There also has to be a careful transition. This may entail current Deputy Prime Minister Wan Azizah Wan Ismail, who is Anwar’s wife, making way for her husband. Who will then assume the deputy prime minister post once Anwar takes over?
The person must have good chemistry with Anwar. Malaysia’s political history has shown how tensions between prime ministers and deputy prime ministers can divide the nation.
All in all, it will not be smooth sailing for PM-in-waiting Anwar. The public will now scrutinise his words closely.
What is his outlook of international relations? What are his plans to revive the economy?
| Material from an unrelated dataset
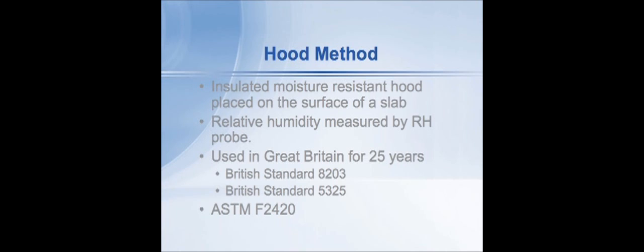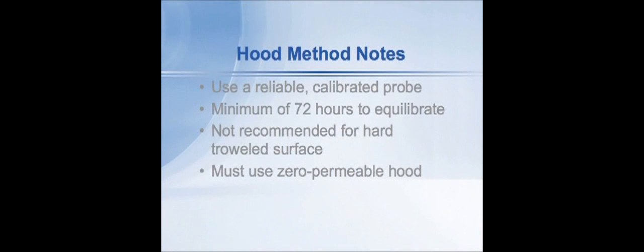There are advantages and disadvantages to the test method. Number one is that you have to use a probe that's calibrated and reliable. If it's a new probe out of the box from the manufacturer, it's reliable. If it's a reusable probe, it needs to be checked within 30 days before use according to the standard.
How will he handle the ever-tricky racial and religious politics?
He has already spoken at international forums, including here in Singapore, because there is a lot of interest in understanding how he really thinks on race and religion, and especially when we see the polarisation between conservatives and progressives.
Recent controversies such as the permissibility of khalwat raids, beer festivals and LGBT (lesbian, gay, bisexual and transgender) issues are tricky challenges that require clear direction from the top leader.
Sure, Anwar may be Malaysia’s prime minister in 2020, the year according to Mahathir’s vision when the country will achieve “developed” status. Yet, Malaysia in 2020 is not Malaysia in 1998, the year Anwar would have been prime minister had all things gone according to plan.
Malaysian society in 2020 will likely be a more fragmented one, and the prime minister cannot afford to pander to different segments in the community by riding on populist sentiments. He has to be clear on what he truly stands for.
Dr Norshahril Saat is a fellow at ISEAS-Yusof Ishak Institute. He is also the author of The State, Ulama and Islam in Malaysia and Indonesia.